What we do know is that Catholicism is the enemy of all that is bland, boring, homogenous, and overly smooth.

Of course we should strive, in a general way, for orderliness and good health. But when Jesus said, “Be perfect as your heavenly Father is perfect,” he couldn’t possibly have meant that we’re expected to have no rough edges, no faults or failings, nothing less than an A+ in every area.

Could it be that our imperfections in some ways help, rather than hinder, love? Without them, how could we relate to one another? How could we work up compassion for the limitations of our brothers and sisters?

In 2 Corinthians 12:7–9, St. Paul describes the thorn in his own flesh:

“Therefore, a thorn in the flesh was given to me, an angel of Satan, to beat me, to keep me from being too elated. Three times I begged the Lord about this, that it might leave me, but he said to me, ‘My grace is sufficient for you, for power is made perfect in weakness.’ ”

Consider, too, the Parable of the Wheat and the Tares (Matthew 13:24–30):

“The kingdom of heaven is like a man who sowed good seed in his field; but while men slept, his enemy came and sowed tares among the wheat and went his way. But when the grain had sprouted and produced a crop, then the tares also appeared.”

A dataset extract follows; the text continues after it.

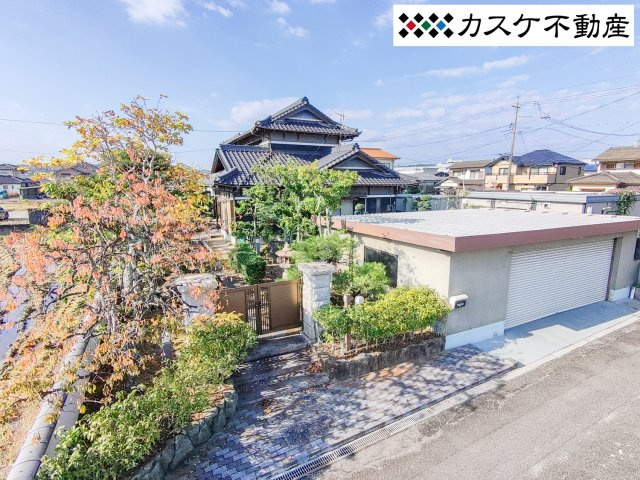 南向きで陽当たりを最大限に享受する設計。しっかりとした基礎と構造が、家族の安心を支えます。広い敷地内では駐車3台以上が可能で、広大な庭を活かした外構のアレンジも楽しめる、可能性に満ちた外観です。　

The servants want to uproot the tares but the owner of the field says no, lest the wheat come up with them. Let them both grow and at the harvest they’ll be separated: the wheat gathered, and the tares burned.

Note that in both cases — St. Paul’s thorn, the tares — are “planted” by Satan.

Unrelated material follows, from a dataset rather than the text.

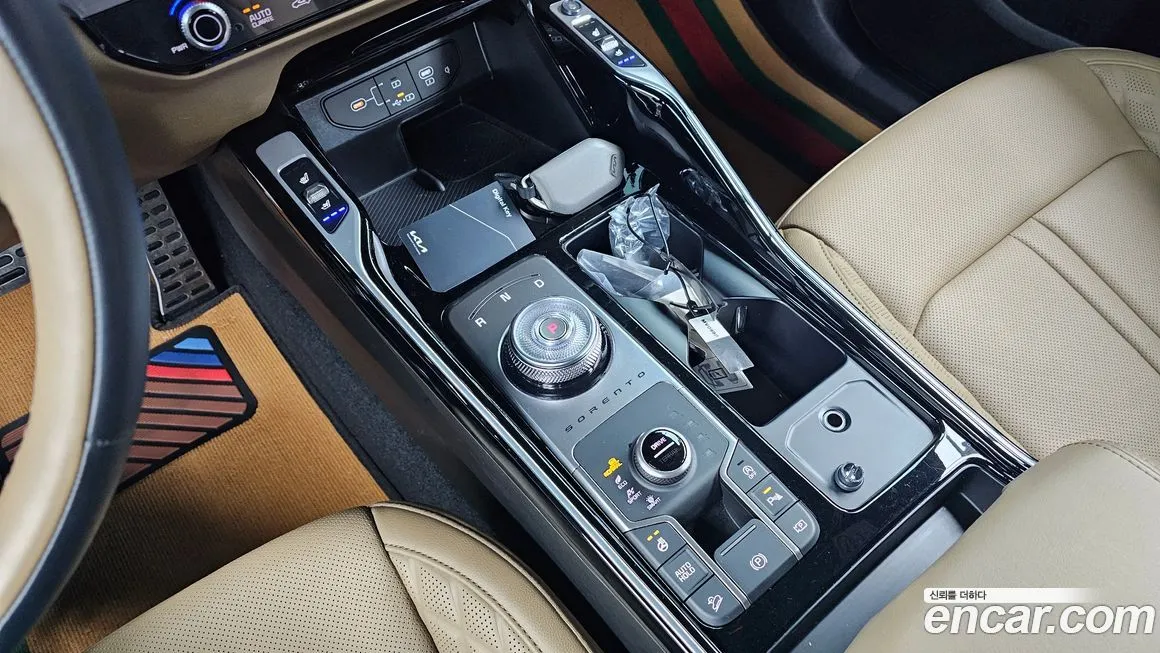 Kia Sorento — фото 10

Maybe the idea of purgatory sprang from this cognizance of the gap between who we long to be and who we actually are. Maybe purgatory is a place not of punishment but of healing for all the compulsions and obsessions and blocks that caused us pain, that we wished with all our hearts we could be rid of but couldn’t — or didn’t dare to.

We may subconsciously realize that our nervous systems would short-circuit without a certain form of comfort or consolation or anesthesia.

That’s not to say we should indulge ourselves. But at the end of the age, God will separate the wheat from the tares. What’s no longer needed, what constituted the thorn in our side will at last burn away. What’s left we can only pray will “shine forth like the sun” in the kingdom of our Father (Matthew 13:43).

Mother Mary Francis of Our Lady, abbess of the Poor Clare Monastery of Our Lady of Guadalupe in Roswell, New Mexico, wrote: “Everyone has some sort of affliction — a weakness, a tendency that to some extent will always be there. A person may have an extreme sensitivity to pain, whether physical, psychological, or spiritual, that is always going to be there. A person may be by nature very irascible and although this can and must be reduced, the tendency will always be there. It is an affliction of the temperament. …”

Thus, she continues, it is most wonderful, “that we are encouraged to call the Mother of God the Consolatrix allfictorum”: the Consolor in our afflictions.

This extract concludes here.